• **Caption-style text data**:
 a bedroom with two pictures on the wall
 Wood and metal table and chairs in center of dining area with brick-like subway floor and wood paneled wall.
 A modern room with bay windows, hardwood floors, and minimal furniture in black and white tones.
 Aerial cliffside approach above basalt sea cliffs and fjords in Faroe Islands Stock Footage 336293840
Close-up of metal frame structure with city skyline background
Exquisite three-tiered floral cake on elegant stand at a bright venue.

---

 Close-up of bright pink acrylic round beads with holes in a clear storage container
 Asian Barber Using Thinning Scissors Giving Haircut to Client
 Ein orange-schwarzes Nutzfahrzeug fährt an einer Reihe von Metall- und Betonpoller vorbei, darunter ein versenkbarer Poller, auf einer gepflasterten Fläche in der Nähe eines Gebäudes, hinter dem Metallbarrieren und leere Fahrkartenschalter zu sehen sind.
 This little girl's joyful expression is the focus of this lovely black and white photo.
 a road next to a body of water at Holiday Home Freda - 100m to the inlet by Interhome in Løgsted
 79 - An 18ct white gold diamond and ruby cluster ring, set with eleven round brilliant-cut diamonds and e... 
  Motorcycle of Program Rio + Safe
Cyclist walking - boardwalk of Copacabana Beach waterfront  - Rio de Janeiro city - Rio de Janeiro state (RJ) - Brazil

• **Problem**: Wherever the line holding "Aerial cliffside approach" falls in the entries above, copy exactly from it through the line holding "Exquisite three-tiered floral", inclusive, and add nothing.

• **The answer**:
 Aerial cliffside approach above basalt sea cliffs and fjords in Faroe Islands Stock Footage 336293840
Close-up of metal frame structure with city skyline background
Exquisite three-tiered floral cake on elegant stand at a bright venue.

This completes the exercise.